Wednesday, October 21, 2015

Farewell Blues, by Bud Webster

The Magazine of Fantasy & Science Fiction, January/February 2015; 13,631 words
Rating: 4, Recommended

In 1937, Juney Walker was a young man playing the blues with a band in the Louisiana bayou. He played with a man named Jake Fell, who could play to raise the dead--and one time did. A very moving story.

Mini-Review (click to view--possible spoilers)

Pro: The little town of Bayou Cane comes alive, and so do most of the characters. We really care that Jake is leaving, but we also care that the band is breaking up and the boys are separating forever. Just as important, the music and the magic seem real.
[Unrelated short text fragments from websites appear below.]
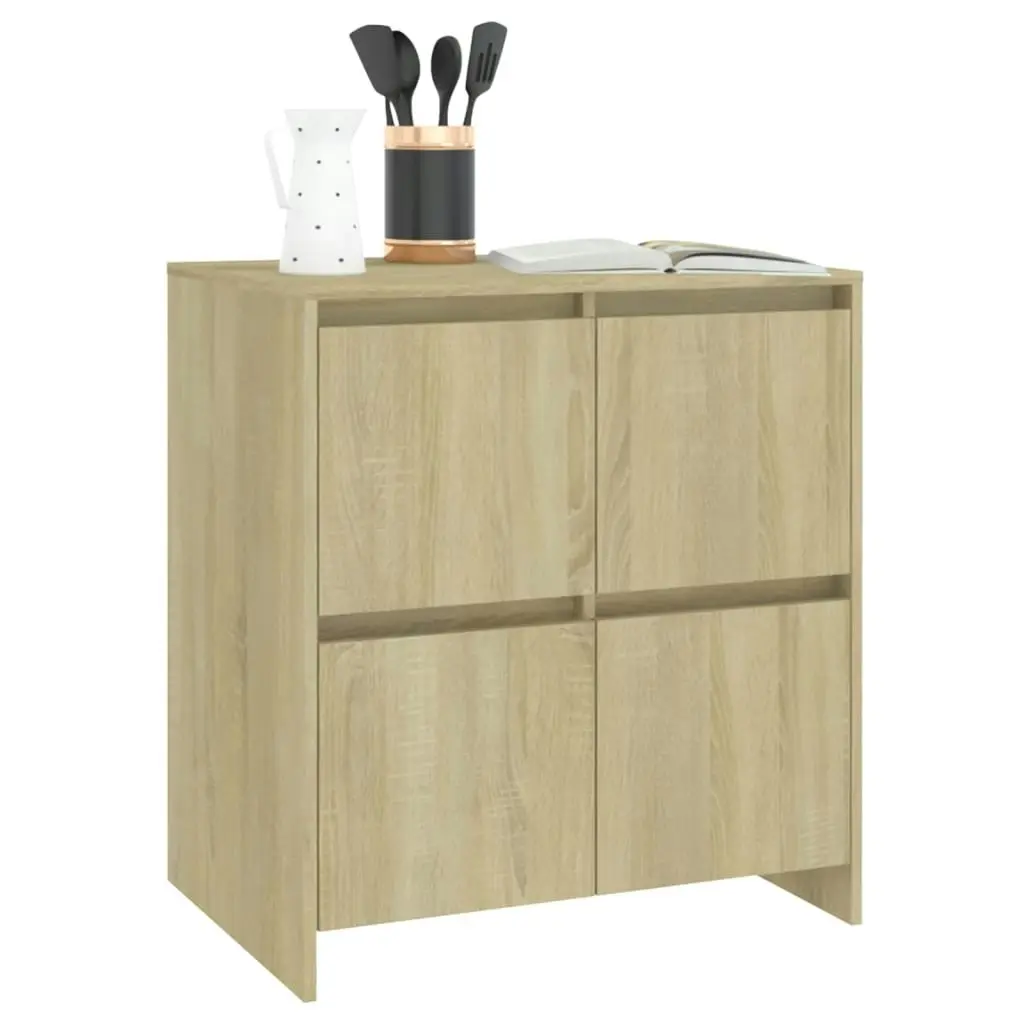 Sideboard Sonoma Oak 70x41x75 cm Engineered Wood 809767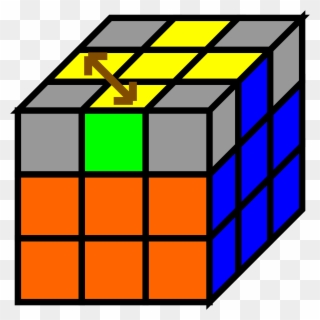 Rubix Cube Png File Rubik S Cube Beginner S Method - Cube Figure Clipart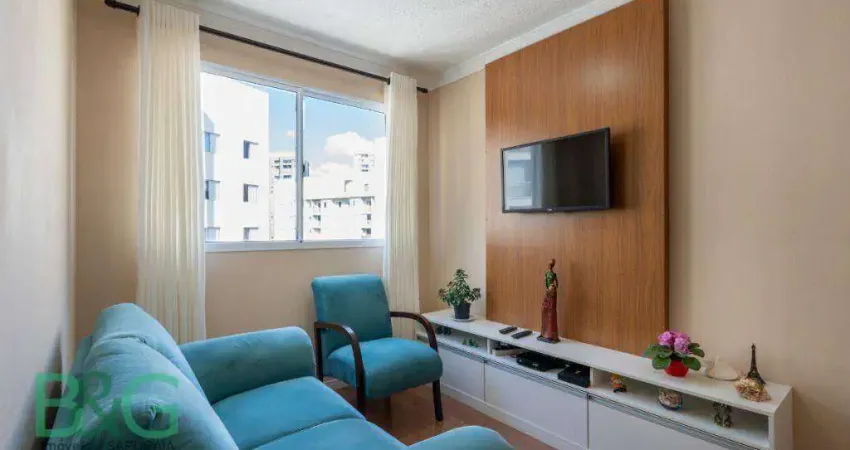 Apartamento com 2 dormitórios à venda, 43 m² por r$ 300.000 - parque rebouças - são paulo/sp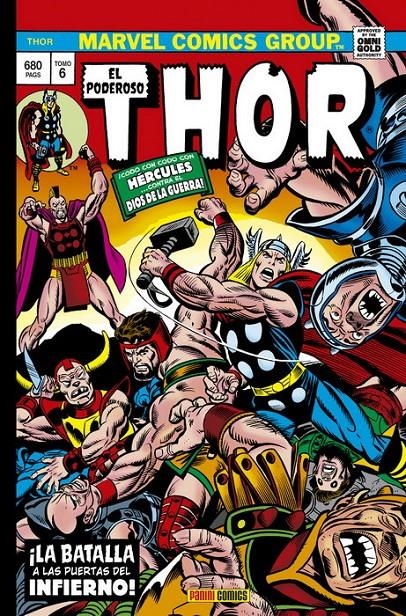 EL PODEROSO THOR OMNIGOLD # 06 ¡LA BATALLA A LAS PUERTAS DEL INFIERNO! | 9788413341811 | JOHN BUSCEMA - SAL BUSCEMA - GERRY CONWAY - RICH BUCKLER | Universal Cómics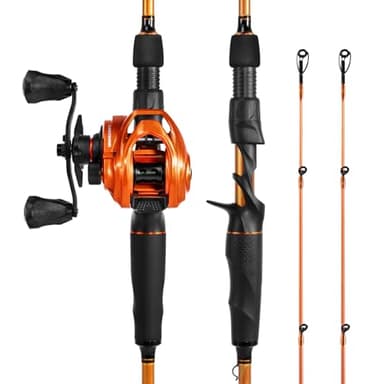 KastKing Lethal Blaze Twin-tip Casting Combo-7'4" Heavy-Left Handed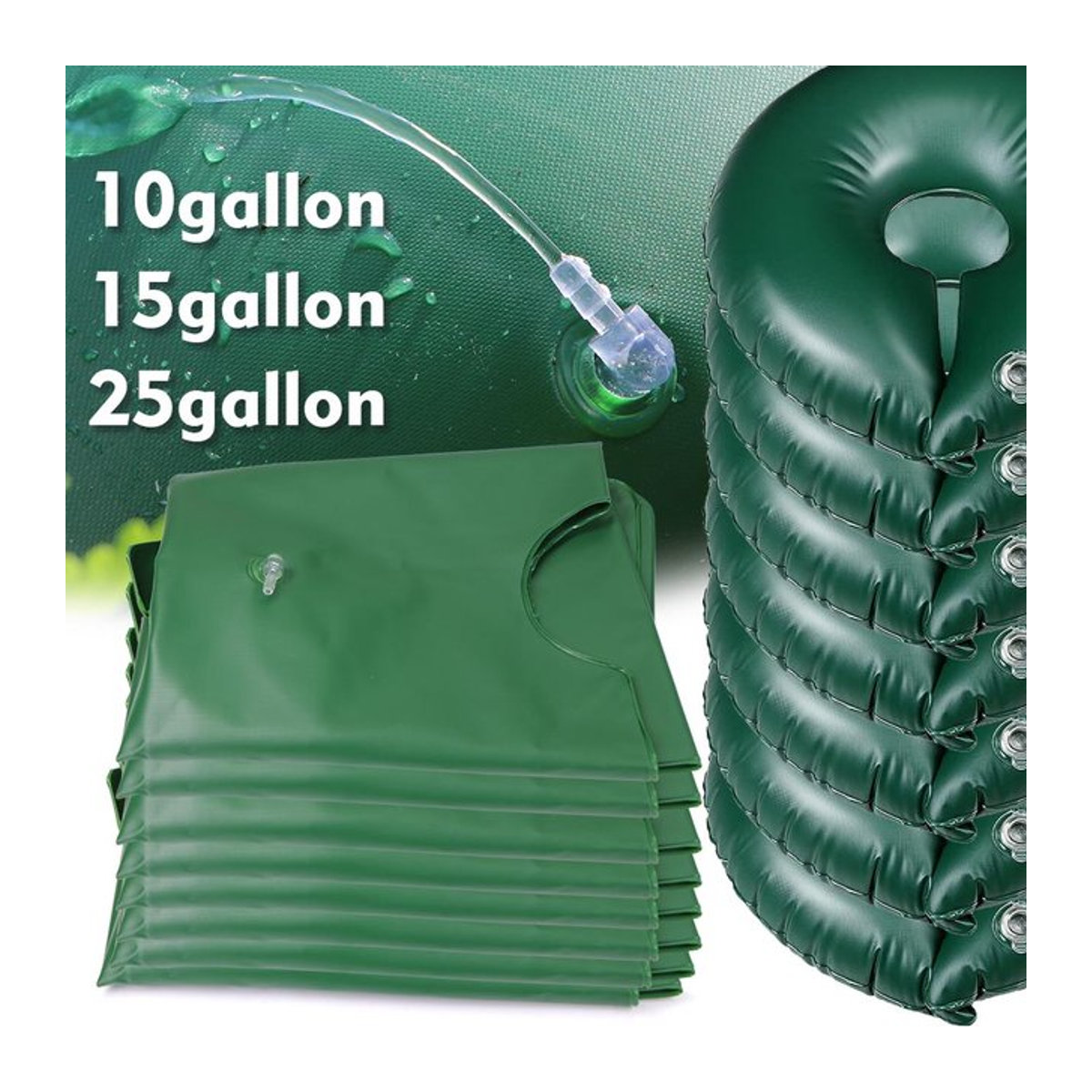 Selbstbewässerungs-Beutel aus PVC für die Gartenbewässerung und Landwirtschaft zur langsamen Wasserabgabe - Bild 1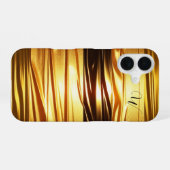 Gouden Textuur iPhone 16 Hoesje (Achterkant horizontaal)
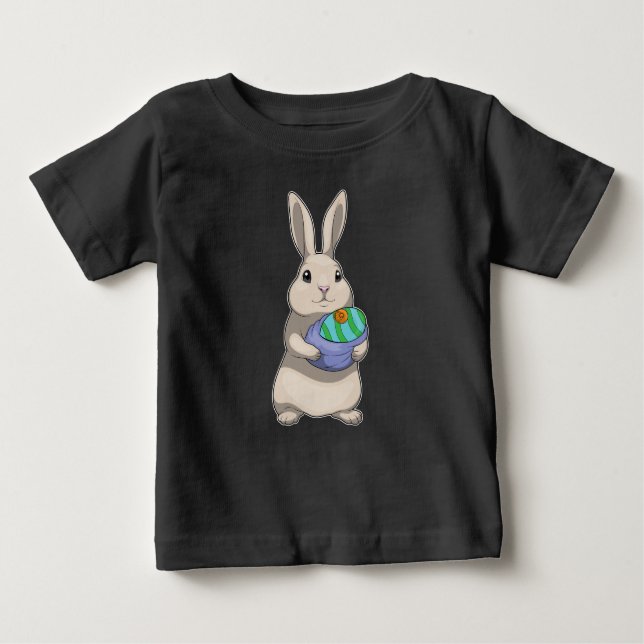 T-shirt Pour Bébé Pâques de lapin Pacifique oeuf de Pâques (Devant)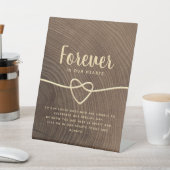 Trouwherdenkingstafel Voetstuk Bord Reclamebord Met Voetstuk (Insitu)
Jake leaves this world, but it's a victory because he does the right thing.

Juney says he was 30 in 1937 and that he wrote this story 70 years later, so the numbers more or less add up.

Con: Not enough is done with Juney's magical connection with his trumpet. This is really Jake's story, not Juney's. All Juney does it play along. Jake does the right thing at the end, but he did mostly cause this problem. We hear no real regrets over the folks who died because of it.

1 comment (may contain spoilers):

  1. An average story for me, overall the plot and progress is good but I’m too curious about Juney and his trumpet, especially as it was foreshadowed on his flashback thay he had been talking to it since when he was a kid. Also, I felt the sudden ‘epic’ battle at the end to be jarring and kinda odd.